Regex is supported in all the scripting languages (such as Perl, Python, PHP, and JavaScript); as well as general purpose programming languages such as Java; and even word processors such as Word for searching texts. Getting started with regex may not be easy due to its geeky syntax, but it is certainly worth the investment of your time.


Regex Syntax Summary

  • Character: All characters, except those having special meaning in regex, matches themselves.
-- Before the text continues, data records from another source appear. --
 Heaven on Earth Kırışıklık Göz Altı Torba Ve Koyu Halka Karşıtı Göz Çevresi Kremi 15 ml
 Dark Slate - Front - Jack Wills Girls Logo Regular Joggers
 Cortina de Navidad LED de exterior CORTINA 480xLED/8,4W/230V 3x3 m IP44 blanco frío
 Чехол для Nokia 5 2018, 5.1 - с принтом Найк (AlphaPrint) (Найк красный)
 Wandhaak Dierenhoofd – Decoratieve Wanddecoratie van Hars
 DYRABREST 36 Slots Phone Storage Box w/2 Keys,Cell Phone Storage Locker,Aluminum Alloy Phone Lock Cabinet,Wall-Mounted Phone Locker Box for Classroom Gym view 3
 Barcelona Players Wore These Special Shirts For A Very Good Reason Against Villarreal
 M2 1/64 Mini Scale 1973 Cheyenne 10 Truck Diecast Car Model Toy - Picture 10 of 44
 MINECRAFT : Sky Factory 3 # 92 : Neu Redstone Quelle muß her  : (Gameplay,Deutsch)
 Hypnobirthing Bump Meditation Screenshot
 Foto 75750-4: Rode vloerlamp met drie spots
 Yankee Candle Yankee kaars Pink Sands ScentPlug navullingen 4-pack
E.g., the regex x matches substring "x"; regex 9 matches "9"; regex = matches "="; and regex @ matches "@".

  • Special Regex Characters: These characters have special meaning in regex (to be discussed below): .+*?^$()[]{}|\.

  • Escape Sequences (\char):
    • To match a character having special meaning in regex, you need to use a escape sequence prefix with a backslash (\). E.g., \. matches "."; regex \+ matches "+"; and regex \( matches "(".
    • You also need to use regex \\ to match "\" (back-slash).
    • Regex recognizes common escape sequences such as \n for newline, \t for tab, \r for carriage-return, \nnn for a up to 3-digit octal number, \xhh for a two-digit hex code, \uhhhh for a 4-digit Unicode, \uhhhhhhhh for a 8-digit Unicode.
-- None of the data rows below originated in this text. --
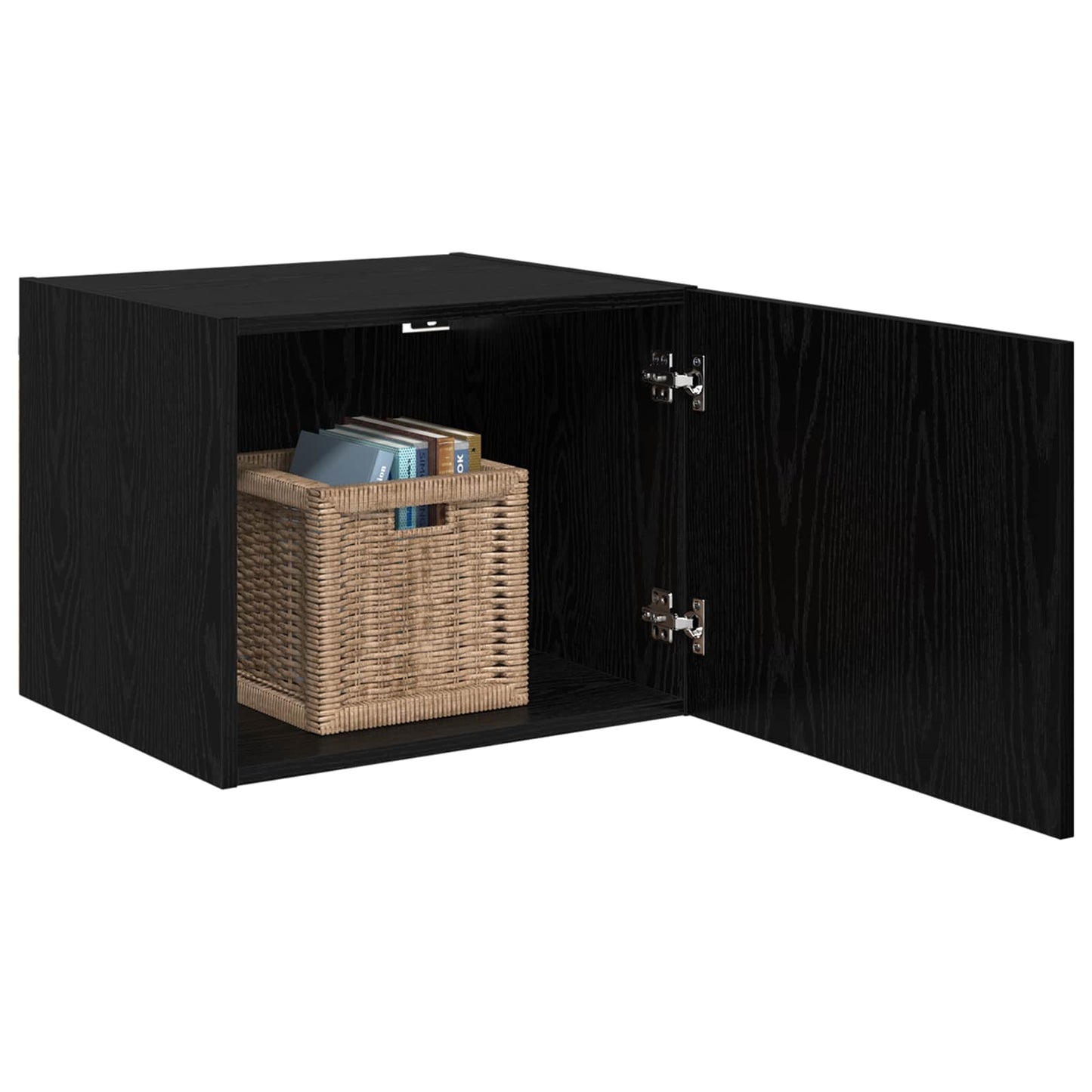 vidaXL Ντουλάπα Τοίχου Επιτοίχιο Μαύρη δρυς 50 x 42.5 x 40 εκ.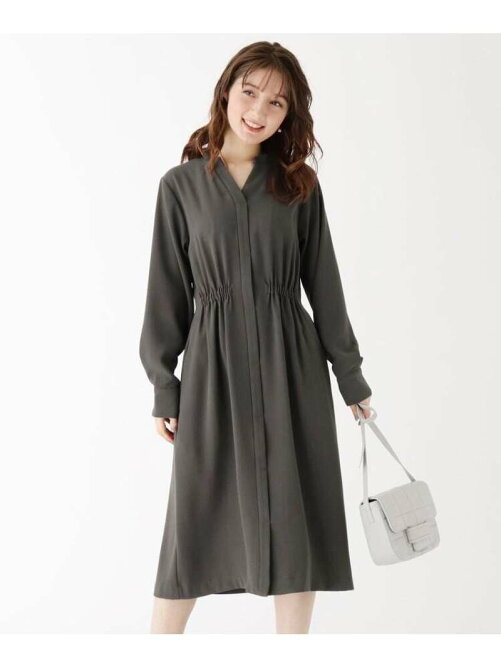 Index ジョーゼットスタンドネックシャツワンピース Web限定サイズ Rakuten Fashion 楽天ファッション 旧楽天 ブランドアベニュー Bz6019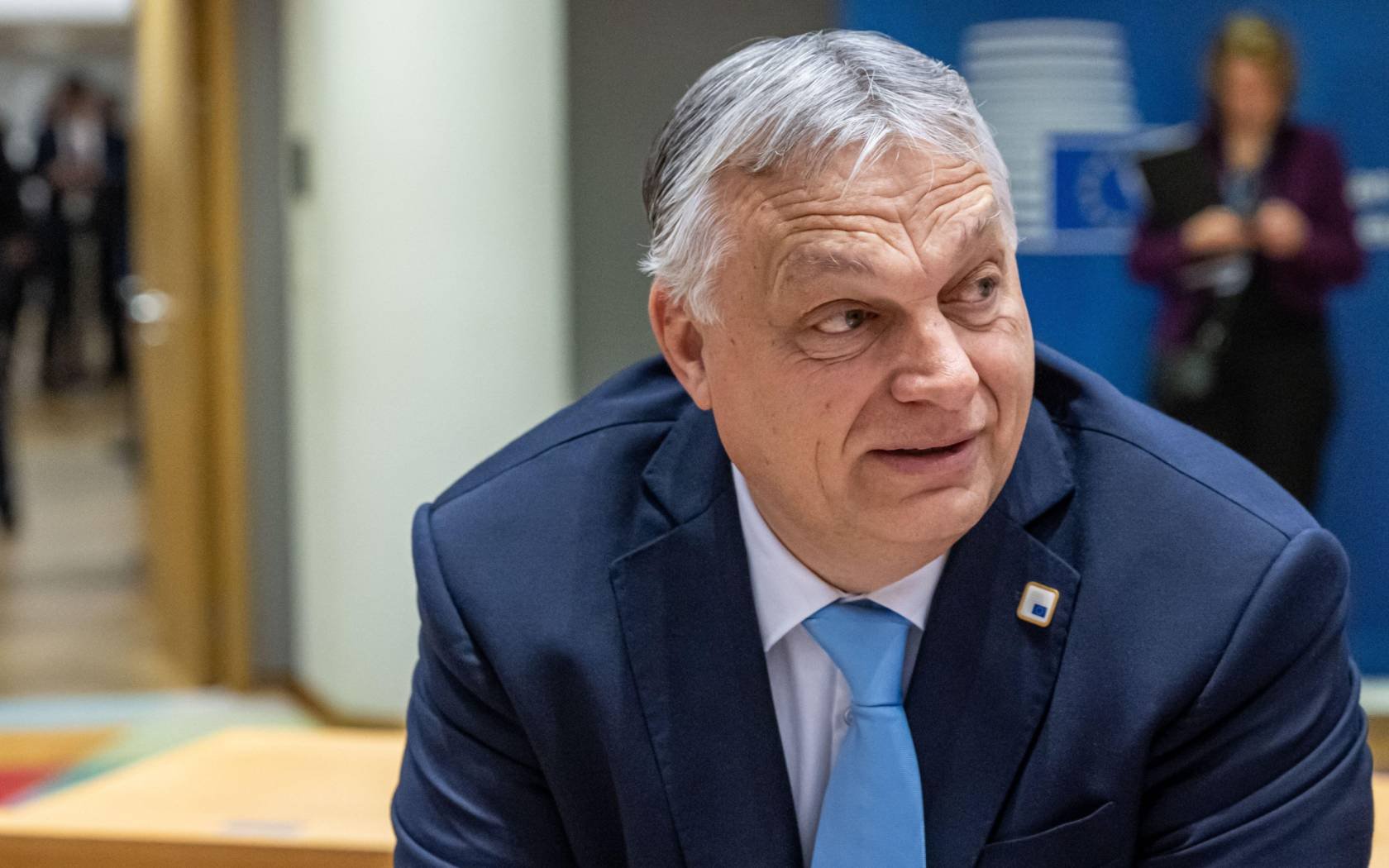 Hungary's prime minister Viktor Orbán at an EU summit.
  • A Sequence of Characters (or String): Strings can be matched via combining a sequence of characters (called sub-expressions). E.g., the regex Saturday matches "Saturday". The matching, by default, is case-sensitive, but can be set to case-insensitive via modifier.

  • OR Operator (|): E.g., the regex four|4 accepts strings "four" or "4".

  • Character class (or Bracket List):
    • […]: Accept ANY ONE of the character within the square bracket, e.g., [aeiou] matches "a""e""i""o" or "u".
    • [.-.] (Range Expression): Accept ANY ONE of the character in the range, e.g., [0-9] matches any digit; [A-Za-z] matches any uppercase or lowercase letters.
    • [^…]: NOT ONE of the character, e.g., [^0-9] matches any non-digit.
    • Only these four characters require escape sequence inside the bracket list: ^-]\.

  • Occurrence Indicators (or Repetition Operators):
    • +: one or more (1+), e.g., [0-9]+ matches one or more digits such as '123''000'.
    • *: zero or more (0+), e.g., [0-9]* matches zero or more digits. It accepts all those in [0-9]+ plus the empty string.
    • ?: zero or one (optional), e.g., [+-]? matches an optional "+""-", or an empty string.
    • {m,n}: m to n (both inclusive)
    • {m}: exactly m times
    • {m,}: m or more (m+)

  • Metacharacters: matches a character
    • . (dot): ANY ONE character except newline. Same as [^\n]
    • \d, \D: ANY ONE digit/non-digit character. Digits are [0-9]
    • \w, \W: ANY ONE word/non-word character. For ASCII, word characters are [a-zA-Z0-9_]
    • \s, \S: ANY ONE space/non-space character. For ASCII, whitespace characters are [ \n\r\t\f]

  • Position Anchors: does not match character, but position such as start-of-line, end-of-line, start-of-word and end-of-word.
    • ^, $: start-of-line and end-of-line respectively. E.g., ^[0-9]$ matches a numeric string.
    • \b: boundary of word, i.e., start-of-word or end-of-word. E.g., \bcat\b matches the word "cat" in the input string.
    • \B: Inverse of \b, i.e., non-start-of-word or non-end-of-word.
    • \<, \>: start-of-word and end-of-word respectively, similar to \b. E.g., \<cat\> matches the word "cat" in the input string.
    • \A, \Z: start-of-input and end-of-input respectively.

  • Parenthesized Back References:
    • Use parentheses ( ) to create a back reference.
    • Use $1$2, … (Java, Perl, JavaScript) or \1\2, … (Python) to retrieve the back references in sequential order.

  • Laziness (Curb Greediness for Repetition Operators)*?+???{m,n}?{m,}?